[TO DO]
Your answer must be an exact copy of the records below, with every picture left out.

[Image-text web data]
+ + + + + + +
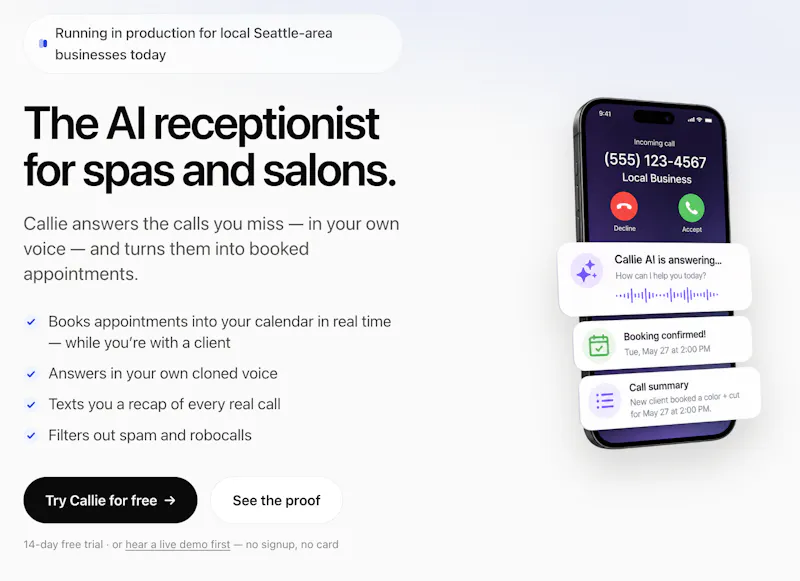 Callie - AI Receptionist by SetAndForget screenshot 2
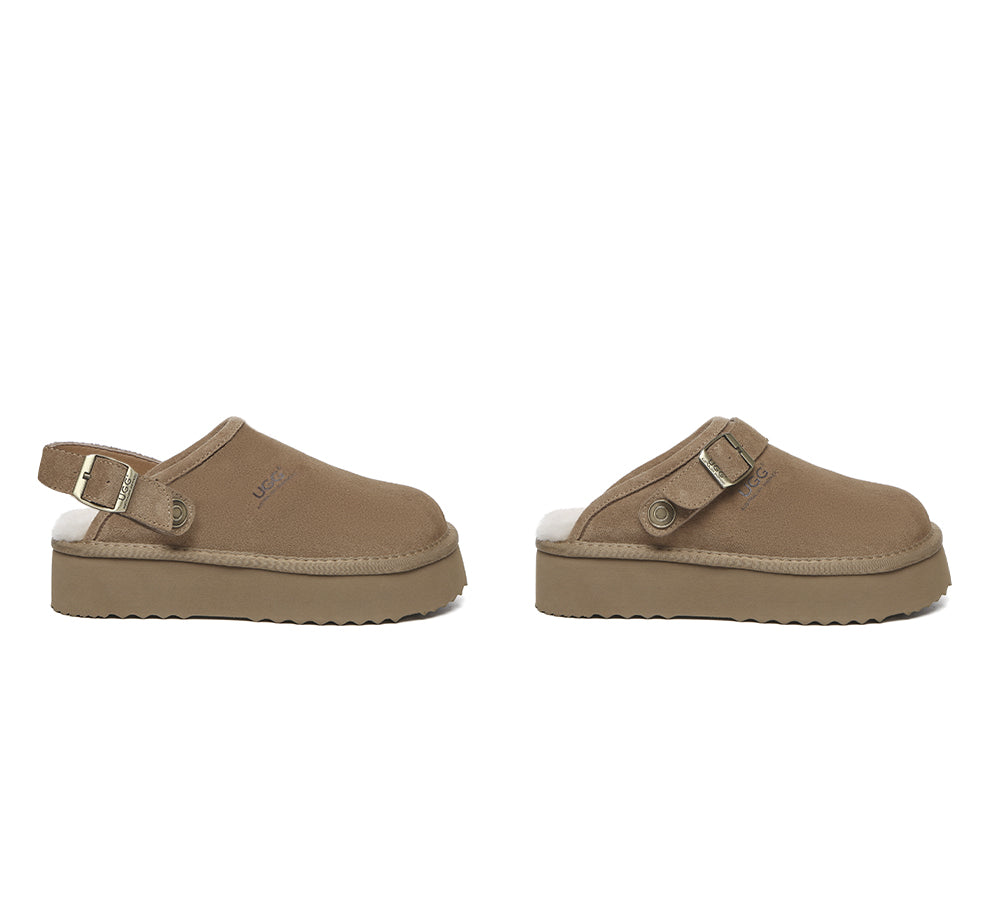 AUSTRALIAN SHEPHERD® UGG Slippers Sheepskin Wool Adjustable strap Platform Sadie UGG AUSTRALIAN SHEPHERD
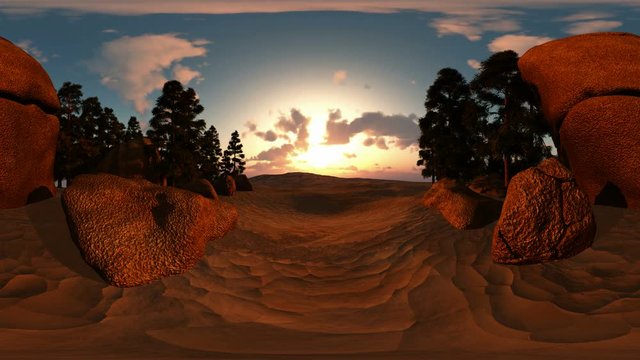 panoramic of pine trees in desert timelapse. made with the One 360 degree lense camera without any seams. ready for virtual reality 360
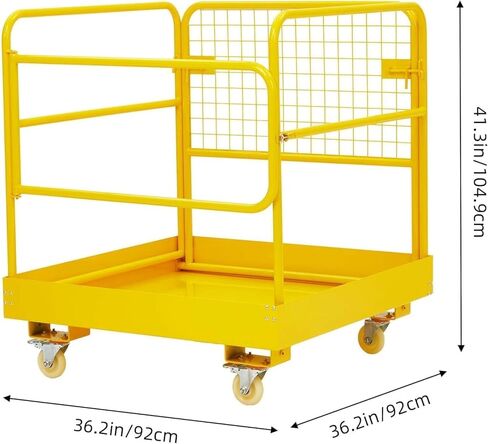Forklift Safety Cage, 36"x36" inch Heavy Duty Collapsible Forklift Work Platform,1200LBS Capacity with 4 Universal Wheels, for Most Aerial Jobs in Kuwait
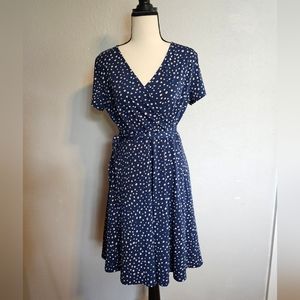 NWT Navy and tan polka dot dress.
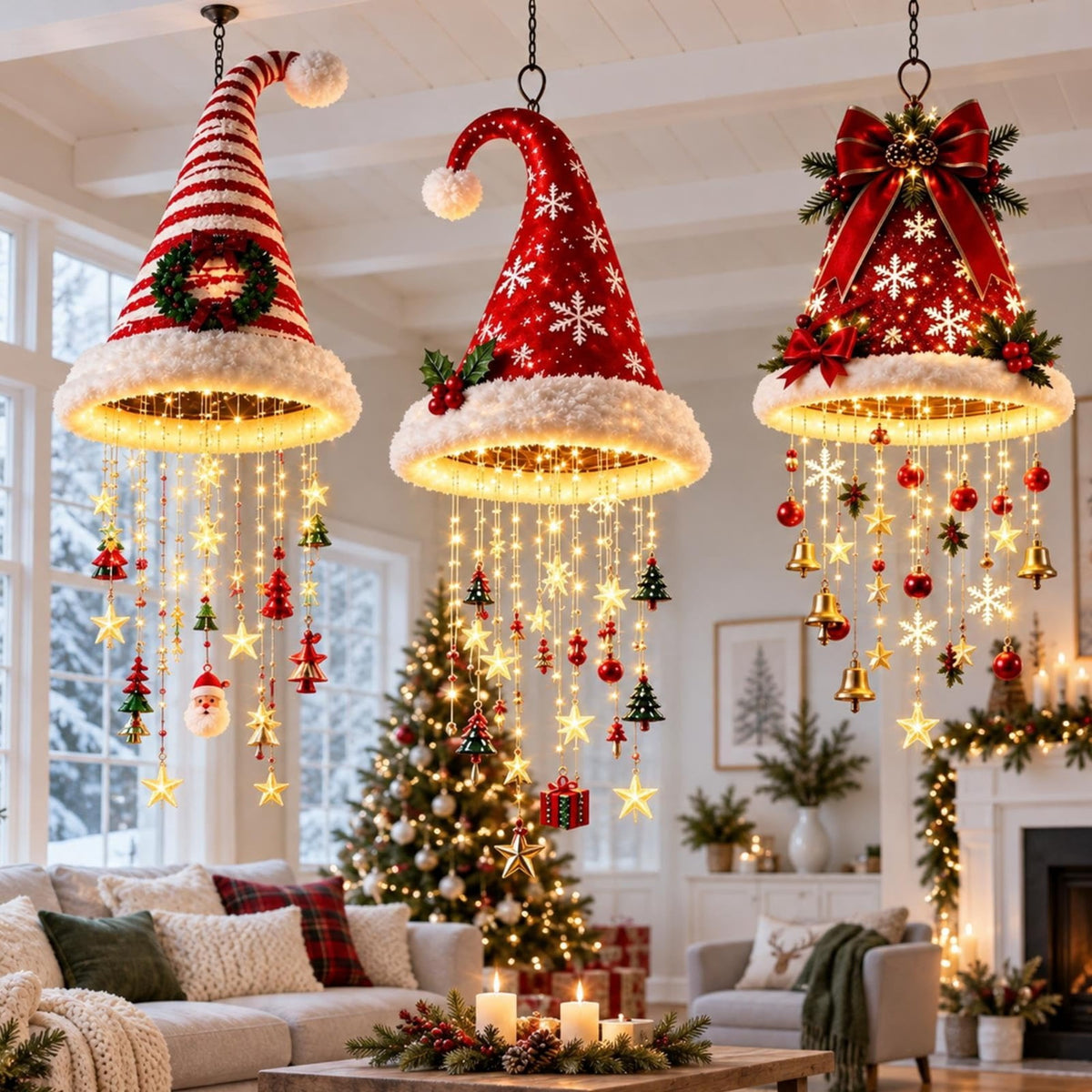 Lighted Santa Hat Hanging Chandelier Christmas Hat Lamp Decoration Indoor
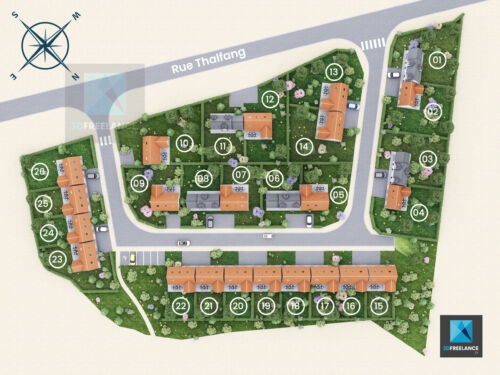 Plan de masse 3D et IA axonométrique d'un grand lotissement de maisons individuelles et voiries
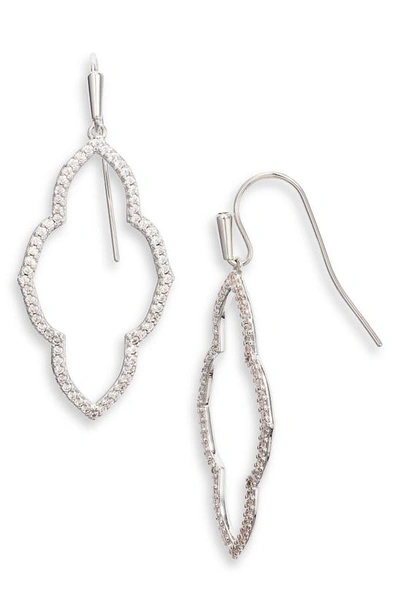Kendra Scott Cubic Zirconia Small Open Frame Drop Earrings In Rhodium Metal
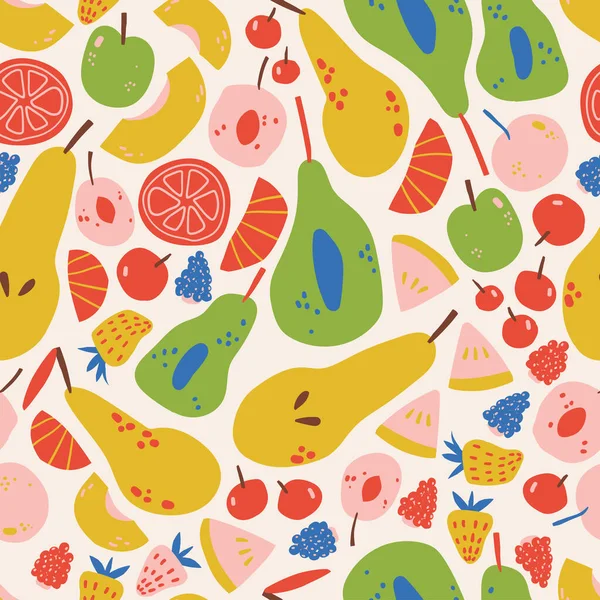 Fruit Doodle Seamless Pattern Naive Simple Fruits Perfect Fabric Wallpaper — Stock Vector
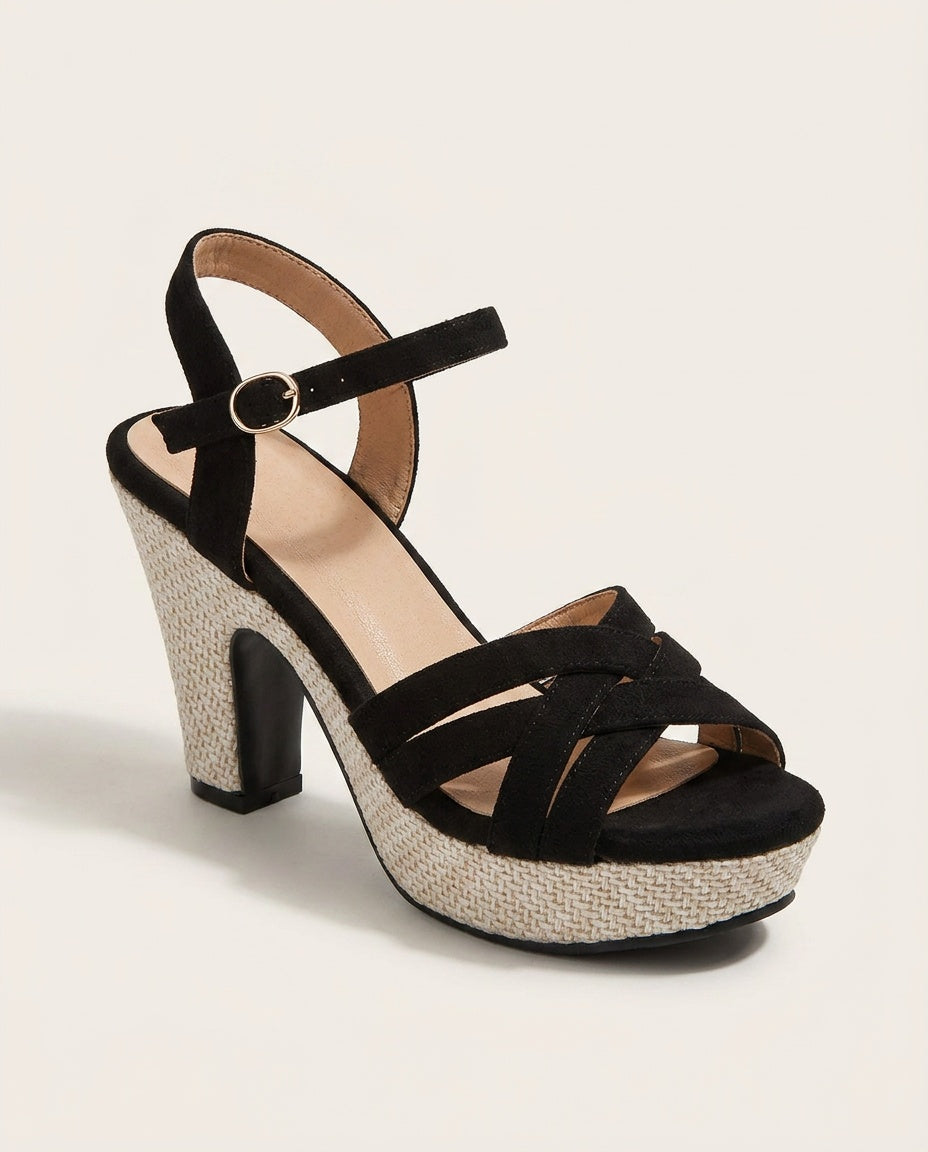 Xenia | Braided Wedge Slip-On Sandals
+ + + + + + +
[RESPONSE TO THE TASK]
 Callie - AI Receptionist by SetAndForget screenshot 2
 AUSTRALIAN SHEPHERD® UGG Slippers Sheepskin Wool Adjustable strap Platform Sadie UGG AUSTRALIAN SHEPHERD
 panoramic of pine trees in desert timelapse. made with the One 360 degree lense camera without any seams. ready for virtual reality 360
Forklift Safety Cage, 36"x36" inch Heavy Duty Collapsible Forklift Work Platform,1200LBS Capacity with 4 Universal Wheels, for Most Aerial Jobs in Kuwait
 NWT Navy and tan polka dot dress.
 Lighted Santa Hat Hanging Chandelier Christmas Hat Lamp Decoration Indoor
 Plan de masse 3D et IA axonométrique d'un grand lotissement de maisons individuelles et voiries
Kendra Scott Cubic Zirconia Small Open Frame Drop Earrings In Rhodium Metal
 Fruit Doodle Seamless Pattern Naive Simple Fruits Perfect Fabric Wallpaper — Stock Vector
 Xenia | Braided Wedge Slip-On Sandals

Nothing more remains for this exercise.